Through photosynthesis, leaves and green growing things are the source of all life on this planet. Yet when winter approaches, they change color, let go and die. Trees let go of those same leaves that once provided them with life in order to survive through the cold months ahead. Flowers and grasses die off, right down to the ground. But the roots are digging deep, alive and well underground, waiting for springtime’s sun and warmth to send up new growth.

Could there be a lesson for us here? Can we let go as the leaves do?

It is so hard for us to let go! It seems such a negative thing, such a hard thing. Yet if the trees didn’t let go of their leaves, they wouldn’t survive the winter. When we lived a bit farther north in Maine, we once had a few inches of snow early in October.

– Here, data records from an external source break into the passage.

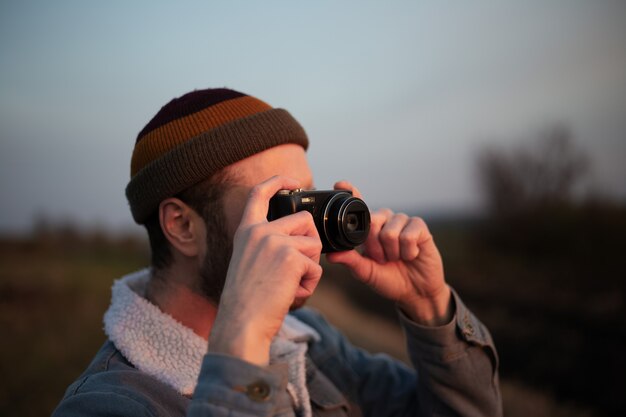 Schließen Sie herauf Porträt des jungen Mannes, der Foto durch Digitalkamera nimmt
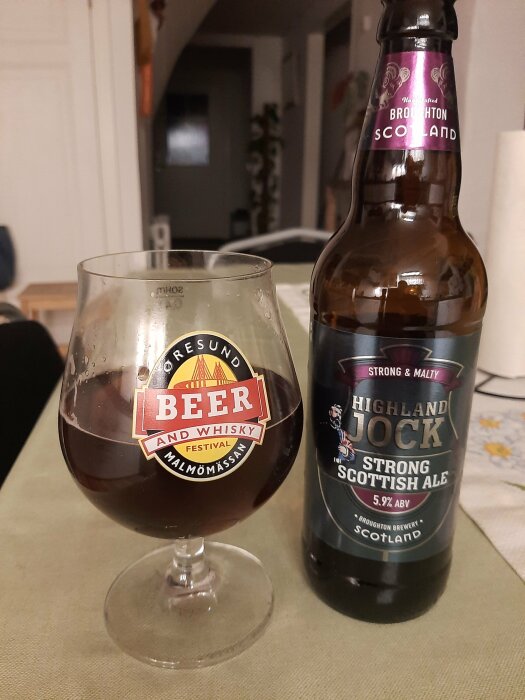 Ett glas öl bredvid en flaska "Highland Jock Strong Scottish Ale" på ett bord.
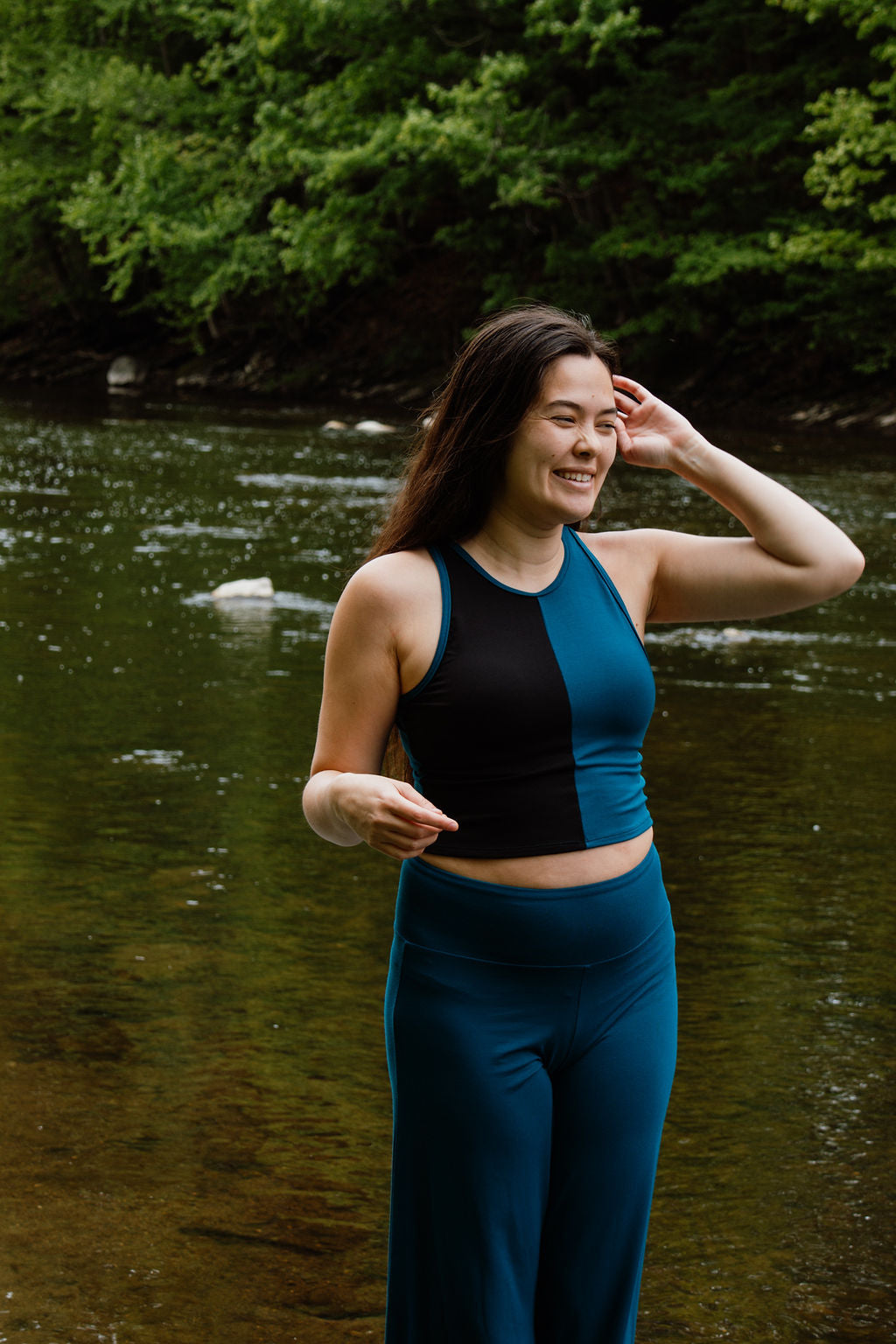 Women in tealand black crop top and teal palazzo pants in front of a river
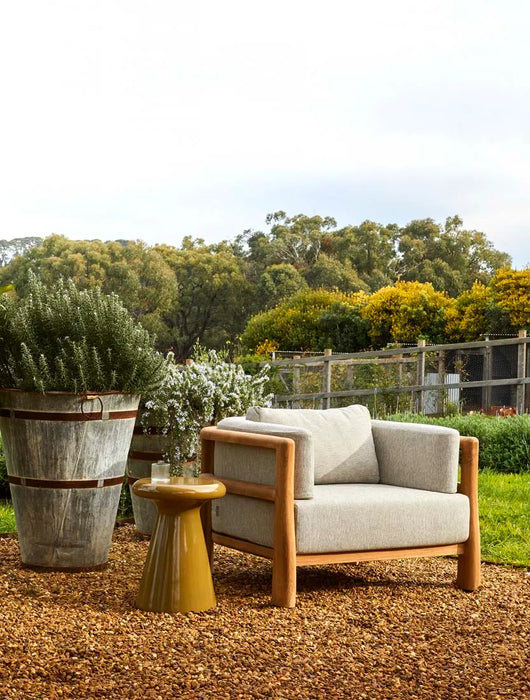 Andalusian Platform Grand End Table beside a timber-framed armchair on a gravel garden terrace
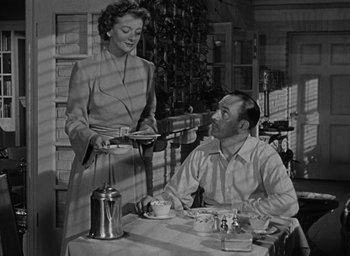 Movie still from “The Best Years of Our Lives” (1946), directed by William Wyler – An old black and white photo of a man and a woman; Medium shot, Low angle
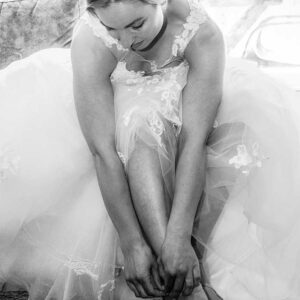 Zwart-wit foto van een bruid die haar trouwschoenen aantrekt, met focus op haar kanten bruidsjurk en een verfijnd haarsieraad.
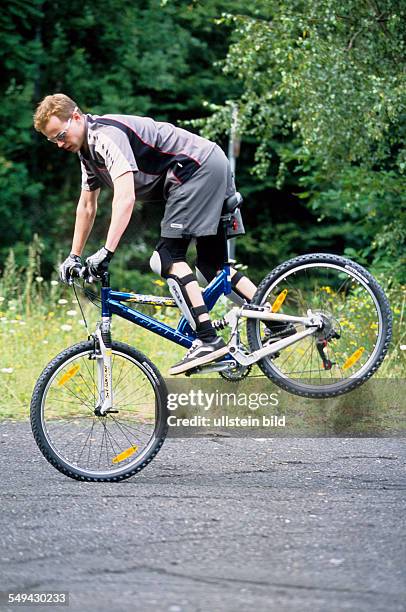 Germany: Free time.- Riding a mountainbike.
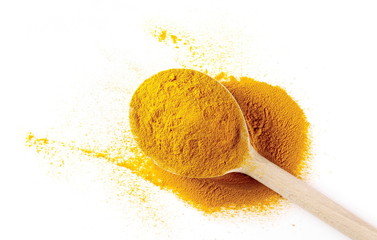 Turmeric (Curcuma) powder with wooden spoon isolated on white background, top view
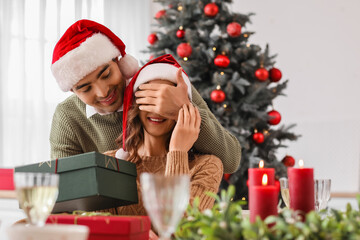 Canvas Print - Young man surprising his beloved wife with gift in kitchen on Christmas eve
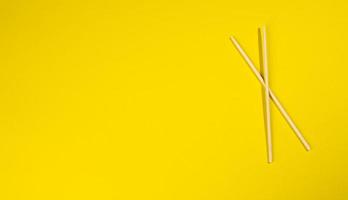 two wooden chopsticks on a yellow background photo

Trees and branches, still in full leaf, came crashing down. They couldn’t carry the burden of snow on their leaves. As with the trees, so with us: letting go can be a positive thing, an important and necessary thing.

Letting go is sometimes known as renunciation. It has two different aspects, one positive and energetic, and the other more receptive. In the active mode, we work at the discipline of letting go. This can include the traditional ascetic discipline of fasting, a way of letting go of either quality or quantity in food.
But there are other, more subtle forms of letting go as well. For example, we might ask ourselves these questions:

Can we let go of our need to always be right?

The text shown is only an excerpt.